Input data:
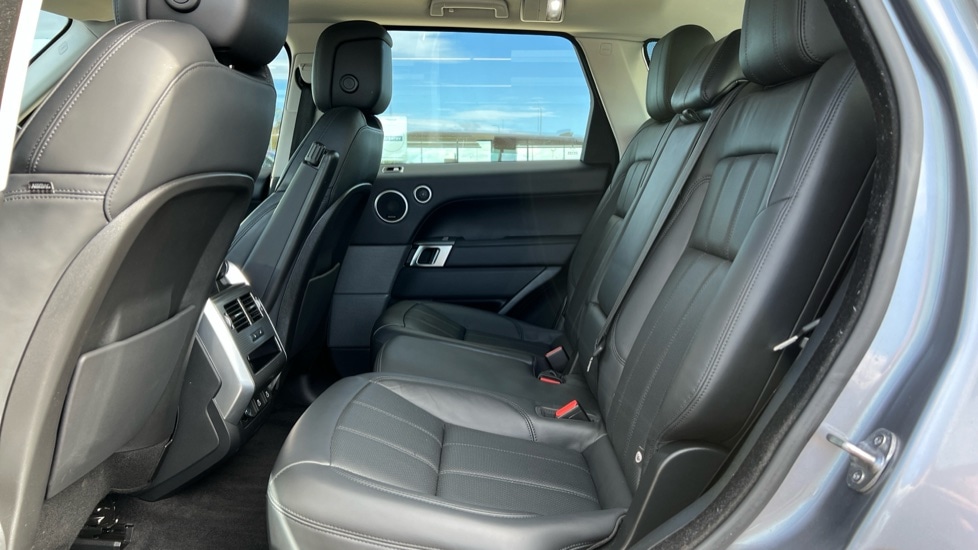 Used Land Rover Range Rover Sport 2022 for sale - 76870260: Photo 4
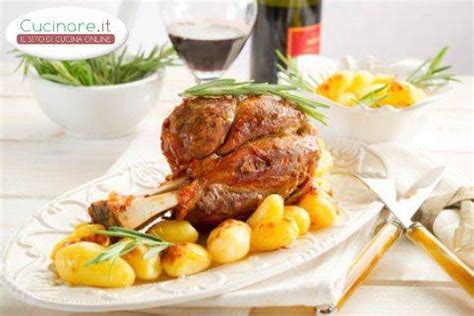 Schema illustrativo dei passaggi per la cottura dello stinco al forno, con enfasi sulla temperatura e i tempi.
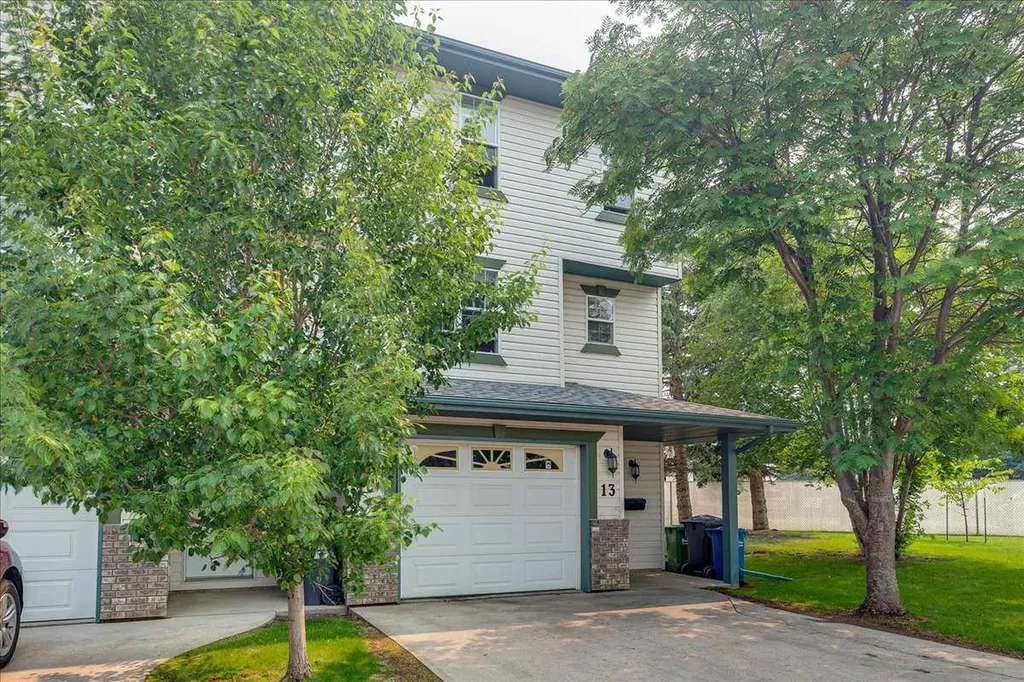 13 Kerry Wood Mews Red Deer AB T4N 7B8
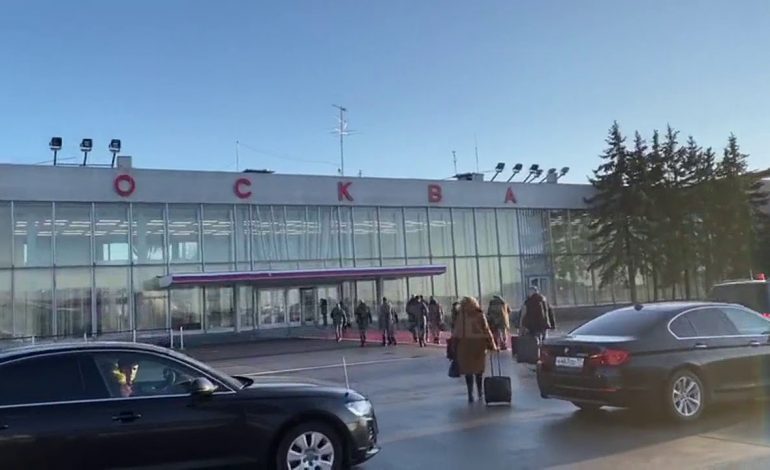 VIZITA NË RUSI/ Momenti kur kryeministri Rama mbërrin në Moskë (VIDEO)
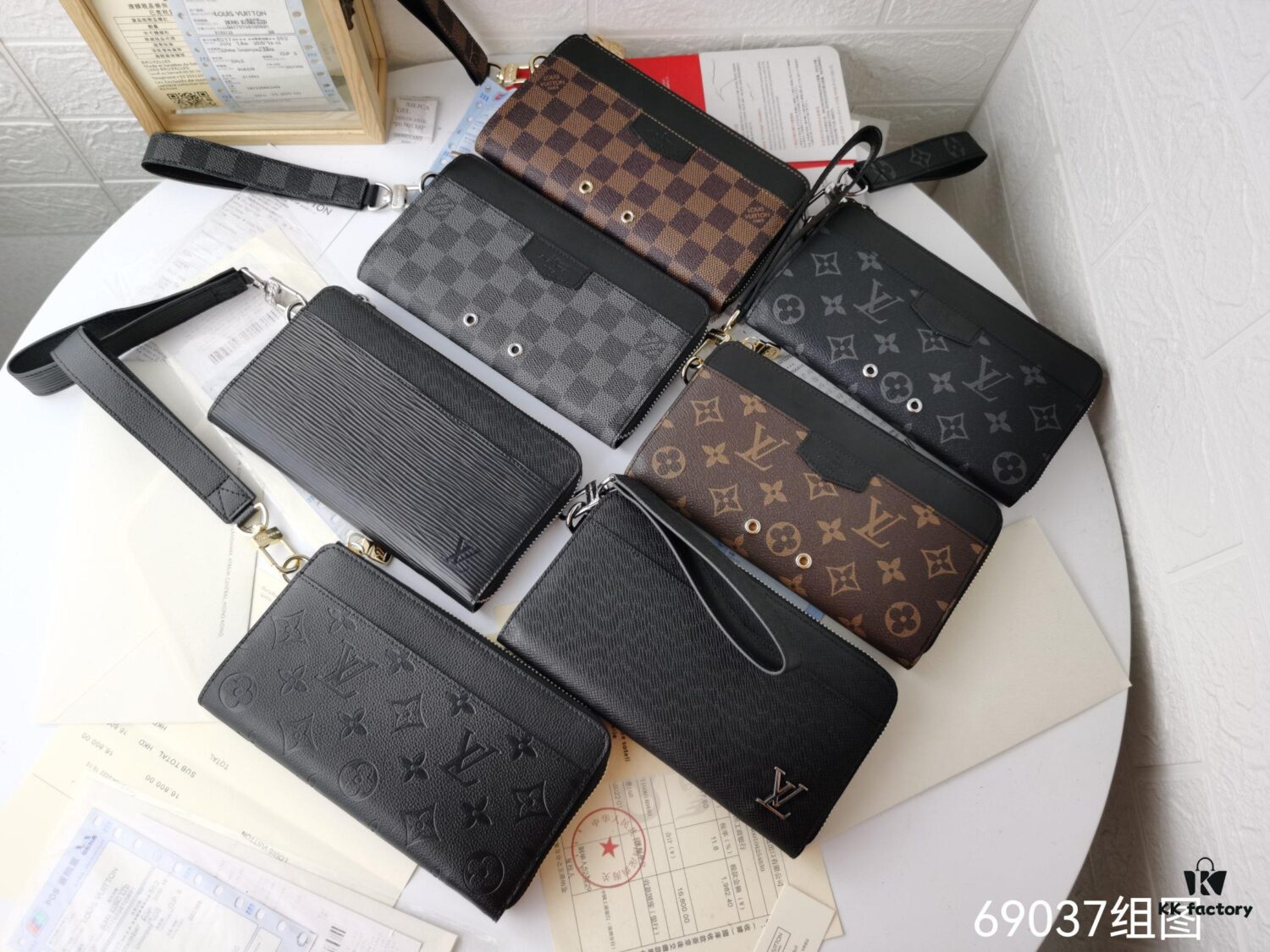 Top-Quality Original 💎 [Real Photos, Personal Background] Zippy Dragonne Zip Wallet M69037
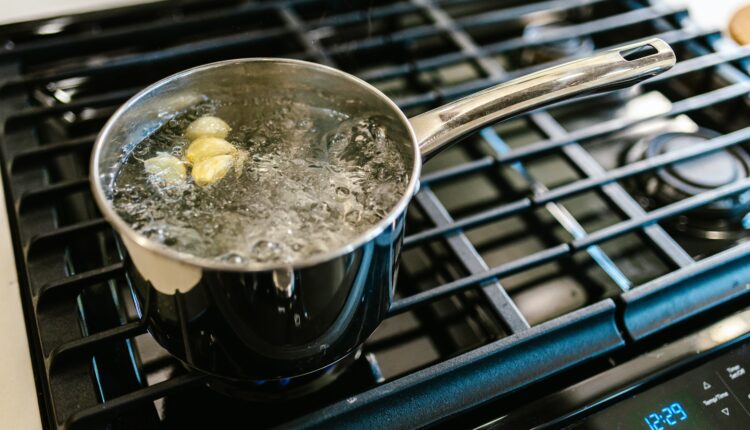 Kuvanje vode na šporetu, mikrotalasnoj ili kuvalu za vodu: Jedan uređaj će potrošiti najmanje struje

Your goal: Leaving out every picture, transcribe exactly the lines from the line that contains "Top-Quality Original 💎" through the final line of the entries above.

Answer for the task:
 Top-Quality Original 💎 [Real Photos, Personal Background] Zippy Dragonne Zip Wallet M69037
 Kuvanje vode na šporetu, mikrotalasnoj ili kuvalu za vodu: Jedan uređaj će potrošiti najmanje struje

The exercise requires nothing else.